Risk priority is determined by considering the combined effect of:

the magnitude of potential harm (Severity),
the likelihood of manifestation (Occurrence),
and the likelihood of early identification or intervention (Detection).

These dimensions are evaluated together to establish relative risk posture among identified failure modes.

No single dimension is sufficient on its own to determine priority.

6.2 Relative Ranking Rather Than Absolute Thresholds

Risk priority determination emphasizes relative ranking, not categorical pass/fail judgments.

Failure modes are typically assessed in relation to one another to identify:

higher-priority risks requiring closer review or mitigation,
moderate risks requiring monitoring or contextual controls,
lower-priority risks that may be documented and revisited periodically.

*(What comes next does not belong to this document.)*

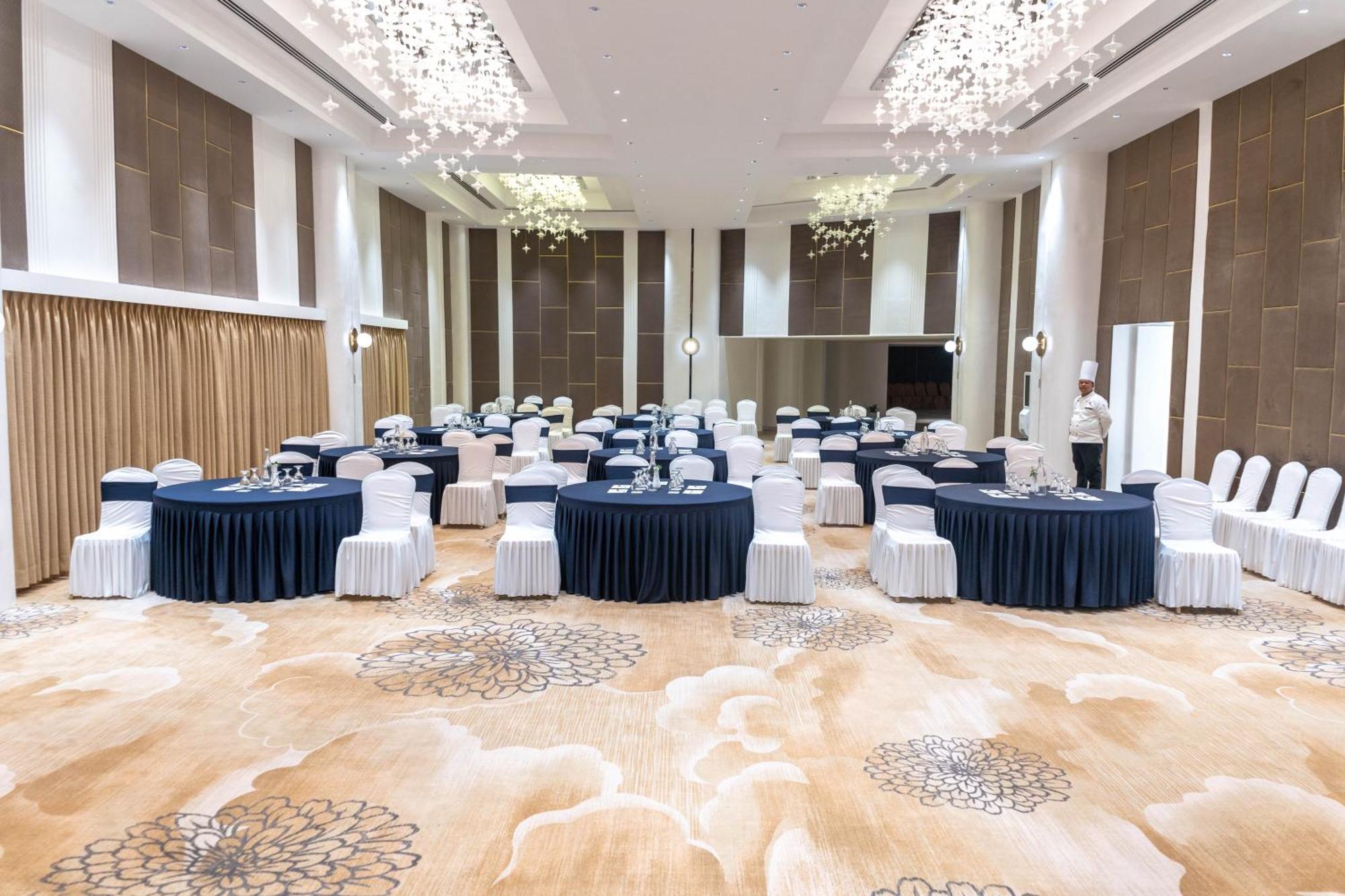 Square Hotel Катманду Екстериор снимка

This approach avoids rigid thresholds that may be inappropriate across different deployment contexts or jurisdictions.

6.3 Interpretive Use of Composite Risk Indicators

Composite risk indicators (including numerical combinations or visual representations) may be used to assist prioritization. Such indicators:

summarize structured assessments,
support comparison across failure modes,
facilitate communication with reviewers and oversight bodies.

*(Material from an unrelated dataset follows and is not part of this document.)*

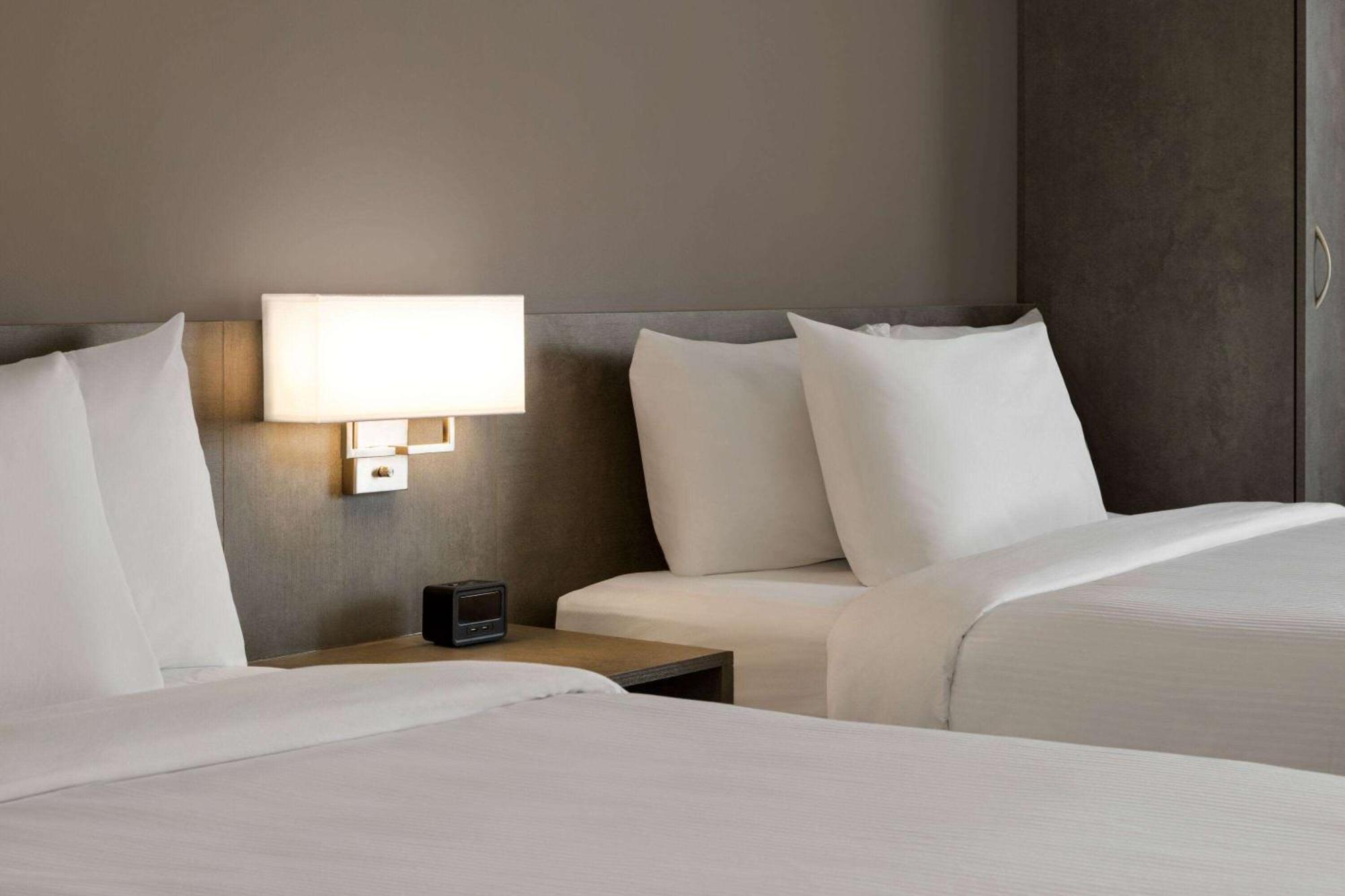 Microtel Inn & Suites By Wyndham Boisbriand Sainte-Therese Exterior photo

Composite indicators do not replace analytical judgment. They serve as decision support, not decision authority.

6.4 Context Sensitivity

Risk priority determination must account for context, including:

system purpose and intended use,
user population and vulnerability,
deployment scale and duration,
availability of mitigation or intervention mechanisms.

A failure mode with moderate inherent risk may warrant higher priority in certain contexts, while a higher-severity failure may warrant lower priority if occurrence is extremely limited and detection is strong.

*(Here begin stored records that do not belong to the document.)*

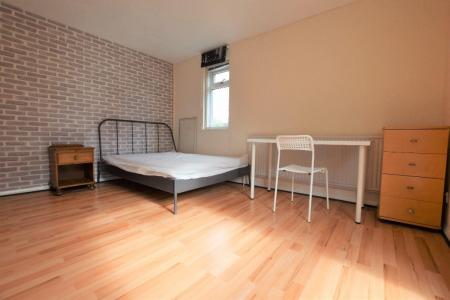 8 Payton Mews - 4 Bedroom Student Home - CCCU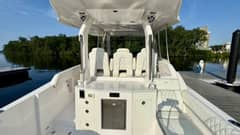 2021 Regal 33 SAV photo 8
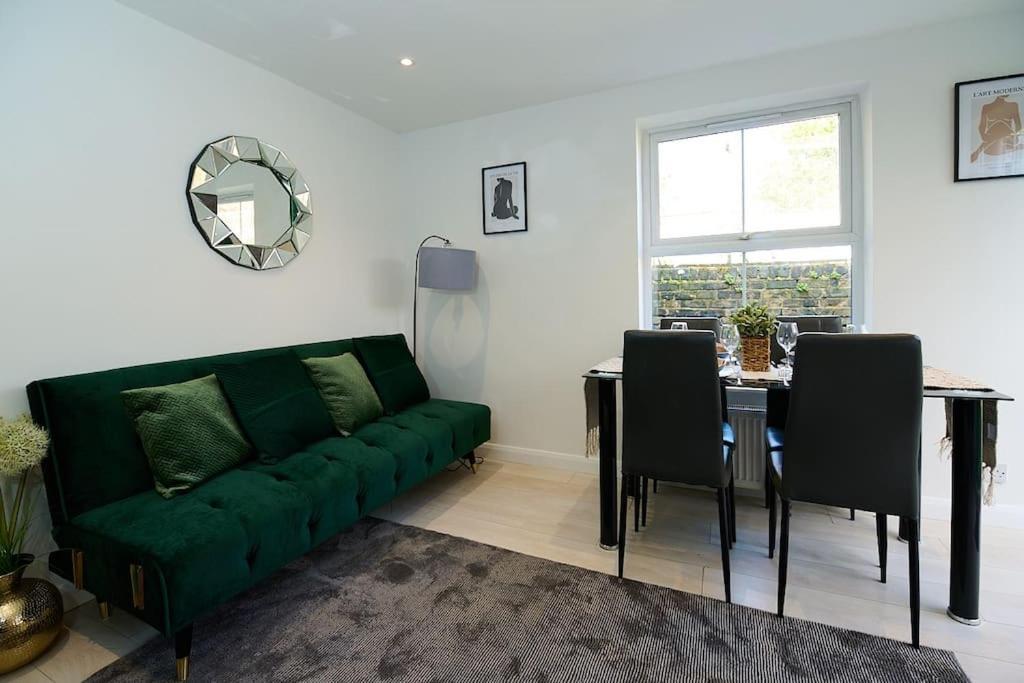 Fabulous 3 Bed Nw London Apartment With Private Garden 외부 사진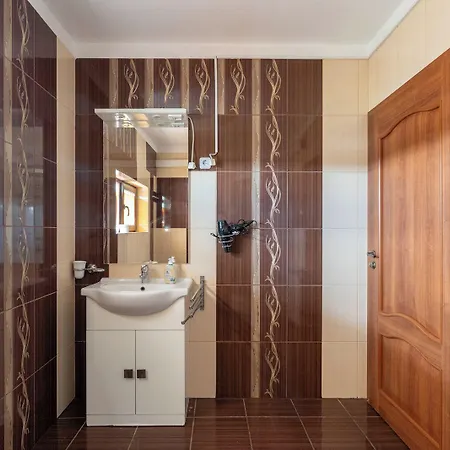 Farawayhomes Near Vienna Airport - Anytime Self Check-in 3*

6.5 Documentation of Priority Decisions

Priority determinations should be documented with sufficient clarity to support review. Documentation typically includes:

the basis for relative ranking,
key assumptions influencing prioritization,
rationale for escalation or de-prioritization decisions.

Clear documentation supports transparency, accountability, and reassessment as systems or conditions change.

6.6 Non-Mechanical Judgment

Risk priority determination is not intended to be a mechanical or automated process. Structured analysis supports judgment but does not eliminate the need for:

professional evaluation,
contextual reasoning,
oversight and review.

Human judgment remains central to interpreting risk assessments and determining appropriate responses.

Legislative Context Note (Informative)

In legislative and regulatory frameworks, risk prioritization is commonly reflected through graduated obligations, documentation requirements, or review triggers, rather than fixed numerical thresholds. This preserves adaptability while maintaining accountability.

7.0 Mitigation and Control Strategies

Mitigation and control strategies address identified failure modes in proportion to their assessed risk priority. The purpose of mitigation within this framework is to reduce the likelihood, severity, or impact of harm, not to eliminate all risk.

Mitigation strategies are selected based on context, feasibility, and effectiveness, and should be documented as part of the overall risk assessment process.

7.1 Types of Mitigation Strategies

Mitigation strategies may take a variety of forms, depending on the nature of the failure mode and the system’s deployment context. Common categories include, but are not limited to:

Design-level controls
Adjustments to system behavior, output constraints, or response logic intended to reduce harmful outcomes.
Operational controls
Monitoring, escalation, intervention, or human-in-the-loop mechanisms applied during system operation.
User-facing measures
Disclosures, warnings, usage boundaries, or interface design choices that reduce misunderstanding or misuse.
Procedural controls
Review processes, update requirements, or operational guidelines governing system use.

These categories are illustrative and may be combined or adapted as appropriate.

7.2 Proportionality of Mitigation

Mitigation strategies should be proportional to risk priority.

Higher-priority risks typically warrant:

more robust controls,
closer monitoring,
clearer documentation and review.

Lower-priority risks may warrant:

documentation without immediate intervention,
periodic reassessment,
contextual or situational controls rather than structural changes.

Proportionality avoids both under-response and over-constraint.

7.3 Selection and Evaluation of Mitigation Measures

Mitigation measures should be evaluated based on:

their expected effectiveness,
feasibility within the deployment context,
potential unintended consequences,
impact on system functionality and user experience.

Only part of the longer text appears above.